The average Catholic is simply unaware of the pressures on a typical bishop: the erosion of his privacy and personal life, the shortage of resources, the abundance of needs, the sometimes difficult relationships with priests (who are brothers, not employees) and religious communities, and a dozen other issues. These burdens don't excuse a bishop's failures, but they should at least earn him the same understanding and civility a layperson would expect under similar circumstances.
Unfortunately, they don't. Especially since the clergy sex-abuse scandal broke in 2002, bishop-bashing and a pervasive climate of distrust bordering on contempt have emerged from both the left and right in the Church in the United States. Both use the scandal as a hook on which to hang a bagful of other issues. The trouble is that when the shepherd is struck, the sheep scatter. Given that fact, Catholic journalists must take extraordinary care that in questioning the behavior or views of a bishop, they do it in a way that respects both the office and the man, and does not shill for those outside the Church who bear her ill will.
Secondly, all Catholic media, to be truly "Catholic," must be evangelical – in other words, missionary. Each media organization pursues this goal in a manner appropriate to its specific format. But the guiding principle for all Catholic communications is Inter Mirifica 17: The "main aim of all [Catholic media] is to propagate and defend the truth and to secure the permeation of society by Christian values." Elsewhere, the same conciliar decree notes that "an authentically Catholic press" should have as its purpose "to form, to consolidate and to promote a public opinion in conformity with the natural law and with Catholic doctrines and directives" (14). When we undermine trust in our bishops, we undermine the Church herself; in fact, we engage in a kind of anti-evangelization. This doesn't exclude the respectful criticism of bishops on matters of real substance. But, as Deal rightly suggests, how we do that matters profoundly, because it has implications for the faith of a great many people.
Finally: The Church is never primarily a bureaucracy or an institution. These things are necessary dimensions of her life, but they're only the skeleton. The Church, as people have actually lived her through the centuries, is much closer to a confederation of families than to a multinational corporation or monolith. The Church is a "she," not an "it" – and until laypersons hardwire that historically Catholic vocabulary back into their thinking, they will always imagine the Church through the lens of American power politics.

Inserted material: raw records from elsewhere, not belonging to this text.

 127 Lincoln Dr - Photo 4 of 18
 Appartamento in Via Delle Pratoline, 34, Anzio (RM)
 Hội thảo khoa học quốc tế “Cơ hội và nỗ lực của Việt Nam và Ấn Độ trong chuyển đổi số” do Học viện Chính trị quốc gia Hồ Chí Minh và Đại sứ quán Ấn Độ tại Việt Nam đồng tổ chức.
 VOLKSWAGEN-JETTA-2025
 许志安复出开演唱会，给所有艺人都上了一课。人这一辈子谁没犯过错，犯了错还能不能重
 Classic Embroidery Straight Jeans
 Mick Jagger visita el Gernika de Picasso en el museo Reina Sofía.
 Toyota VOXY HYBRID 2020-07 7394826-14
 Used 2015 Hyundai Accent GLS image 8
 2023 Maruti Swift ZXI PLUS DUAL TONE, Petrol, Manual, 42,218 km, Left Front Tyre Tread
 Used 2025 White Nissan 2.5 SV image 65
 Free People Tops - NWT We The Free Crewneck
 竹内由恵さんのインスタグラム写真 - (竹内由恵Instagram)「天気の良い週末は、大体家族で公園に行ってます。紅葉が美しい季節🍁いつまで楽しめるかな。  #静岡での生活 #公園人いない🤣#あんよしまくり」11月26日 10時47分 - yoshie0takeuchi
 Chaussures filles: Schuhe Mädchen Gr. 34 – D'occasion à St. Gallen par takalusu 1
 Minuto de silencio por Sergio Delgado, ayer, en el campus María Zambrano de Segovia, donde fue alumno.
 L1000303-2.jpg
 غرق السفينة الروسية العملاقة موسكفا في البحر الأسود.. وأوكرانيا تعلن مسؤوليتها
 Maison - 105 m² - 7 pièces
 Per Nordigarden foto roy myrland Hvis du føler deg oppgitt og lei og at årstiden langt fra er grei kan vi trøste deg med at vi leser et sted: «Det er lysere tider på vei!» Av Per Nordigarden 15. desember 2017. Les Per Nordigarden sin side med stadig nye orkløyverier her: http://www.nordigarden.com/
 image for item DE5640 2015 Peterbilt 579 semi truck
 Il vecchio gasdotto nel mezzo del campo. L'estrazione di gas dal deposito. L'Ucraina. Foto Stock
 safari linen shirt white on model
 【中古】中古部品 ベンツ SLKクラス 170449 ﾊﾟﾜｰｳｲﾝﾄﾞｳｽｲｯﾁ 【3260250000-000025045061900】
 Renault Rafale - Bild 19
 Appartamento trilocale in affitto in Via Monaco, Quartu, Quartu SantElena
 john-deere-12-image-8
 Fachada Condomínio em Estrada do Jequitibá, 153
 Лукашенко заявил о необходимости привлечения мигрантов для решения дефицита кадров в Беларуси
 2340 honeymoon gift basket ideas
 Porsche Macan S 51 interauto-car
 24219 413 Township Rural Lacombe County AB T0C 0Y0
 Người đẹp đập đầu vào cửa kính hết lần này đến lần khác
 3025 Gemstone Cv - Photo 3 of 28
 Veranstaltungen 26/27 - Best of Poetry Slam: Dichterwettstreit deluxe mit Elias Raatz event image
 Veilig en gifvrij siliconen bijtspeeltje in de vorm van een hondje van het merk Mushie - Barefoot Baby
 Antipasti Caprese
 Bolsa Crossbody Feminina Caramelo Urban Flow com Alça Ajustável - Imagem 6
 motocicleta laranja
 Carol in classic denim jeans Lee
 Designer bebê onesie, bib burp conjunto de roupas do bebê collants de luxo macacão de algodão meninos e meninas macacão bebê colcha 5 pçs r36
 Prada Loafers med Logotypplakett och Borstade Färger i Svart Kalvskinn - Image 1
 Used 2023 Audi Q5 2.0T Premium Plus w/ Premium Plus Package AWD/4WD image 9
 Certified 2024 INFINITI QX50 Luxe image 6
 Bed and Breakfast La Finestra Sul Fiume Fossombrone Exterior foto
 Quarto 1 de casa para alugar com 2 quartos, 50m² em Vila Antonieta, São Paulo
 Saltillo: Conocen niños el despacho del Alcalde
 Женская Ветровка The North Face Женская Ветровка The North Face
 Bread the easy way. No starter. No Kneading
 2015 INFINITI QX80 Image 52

The Church is, as Pope John XXIII said so movingly in his encyclical Mater et Magistra, the mother and teacher of all humanity, and within the family of faith, bishops are our fathers and brothers – not kings, not princes, not CEOs, and not above fraternal correction, but nonetheless deserving the affection, fidelity, and love that should exist in every family toward a parent or elder brother. The more we publicly criticize our bishops, the more we put the family at risk.